Le président algérien Abdelaziz Bouteflika va-t-il devoir renoncer à un cinquième mandat ?

Ou plutôt les différents clans qui l’entourent et qui ont intérêt à ce qu’il rempile malgré la maladie, la vieillesse et « la menace vitale permanente » qui oppressent sa respiration et ses neurones ?

La question commence à se poser de manière aiguë […] [alors] que des syndicalistes, des patrons, des anciens combattants parmi les plus zélés partisans du bouteflikisme quittent le navire.

Avec elle, une autre question : mais qui donc gouverne l’Algérie, 42,2 millions d’habitants ? Qui décide ? Qui limoge ? Qui tranche ?

L’Algérie, un pays où se pose nombre de questions.

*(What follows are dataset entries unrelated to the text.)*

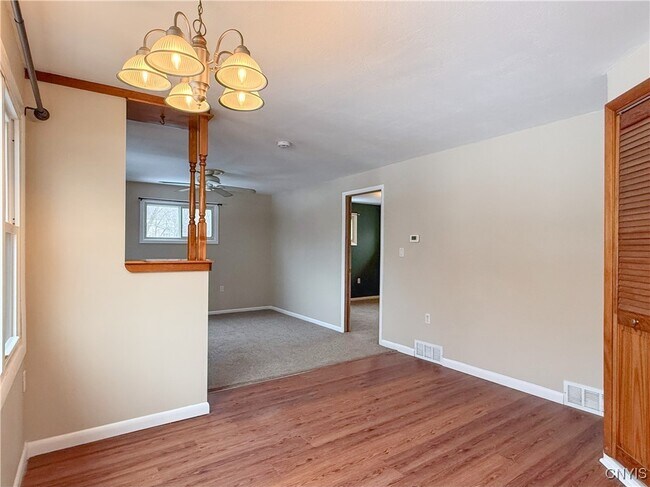 Foto del edificio - 2653 W Seneca Turnpike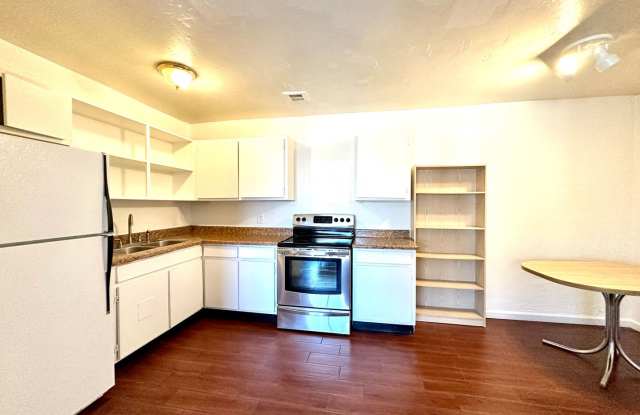 1 and 2 Bedrooms Great Location with Community Pool and Onsite Laundry! 1/2 of Mile from U of A photos photos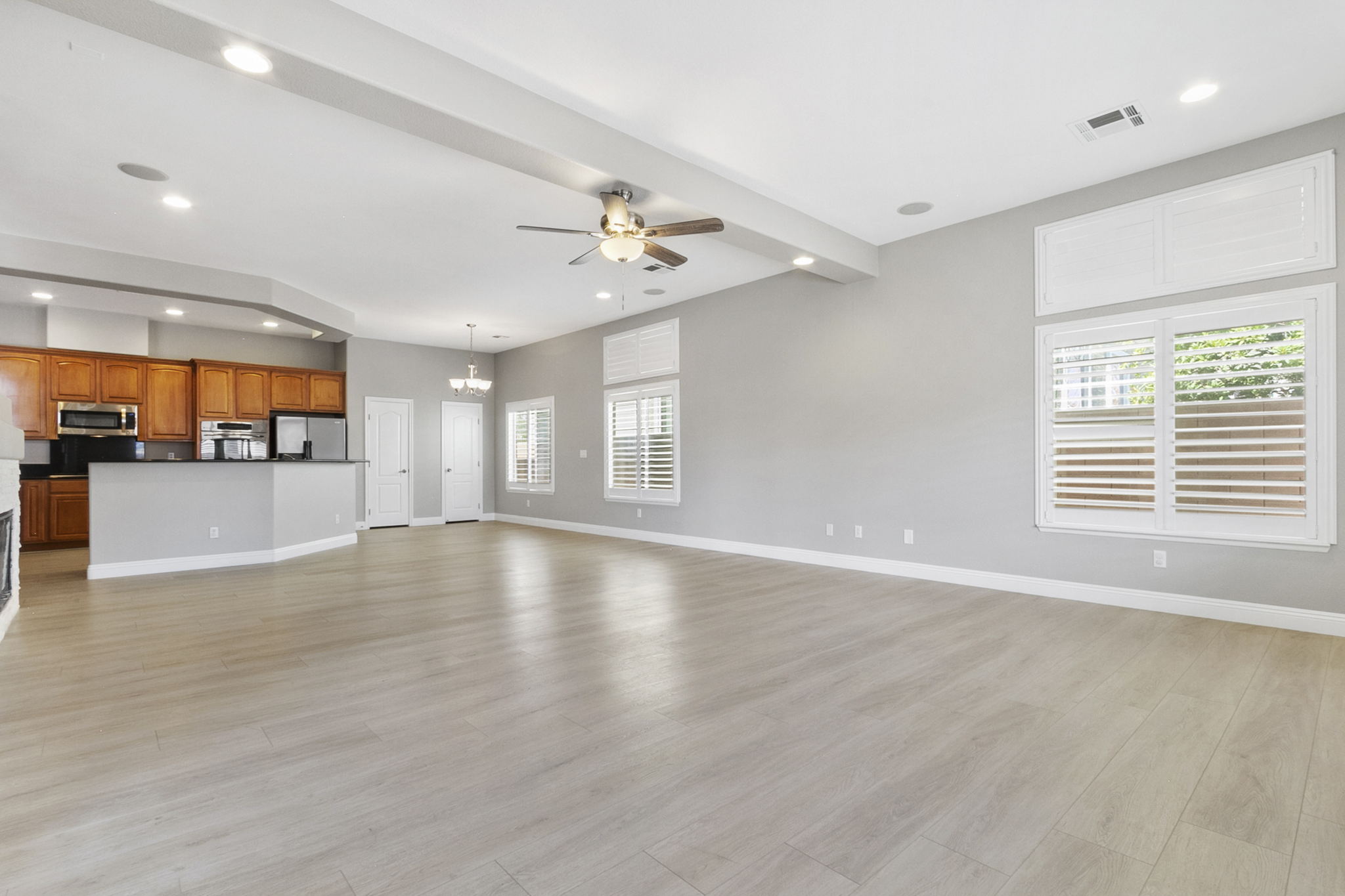 7348 Puckershire St, Las Vegas, NV 89166, USA Photo 16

Il existe un État, des institutions, qui gèrent le tout-venant. Il existe ainsi un formalisme administratif et institutionnel très marqué en Algérie. Mais pour les décisions sensibles : orientations politiques, nouvelles lois économiques, gestion sécuritaire des opposants, les noyaux ne sont pas nombreux. Il y a la présidence, donc, en temps normaux, Bouteflika et ses proches. Il y a aussi l’état-major de l’armée, allié du clan Bouteflika mais pas son vassal, ce qui est important. Les décisions stratégiques se prennent après tractations et consensus. « Ce brouillage permet au pouvoir politique d’échapper à ses responsabilités », renchérit […] Karima Lazali, […] « Depuis l’indépendance, il y a eu construction d’un pouvoir politique qui se déroulait sur deux scènes parallèles, l’une était visible et l’autre invisible qui exercerait tous les pouvoirs sans jamais en rendre compte aux gouvernés », décrit Karima Lazali. […]

Passage en revue des différents clans au pays où la règle qui prévaut est la suivante : ceux qui ne savent pas parlent et ceux qui savent ne parlent pas.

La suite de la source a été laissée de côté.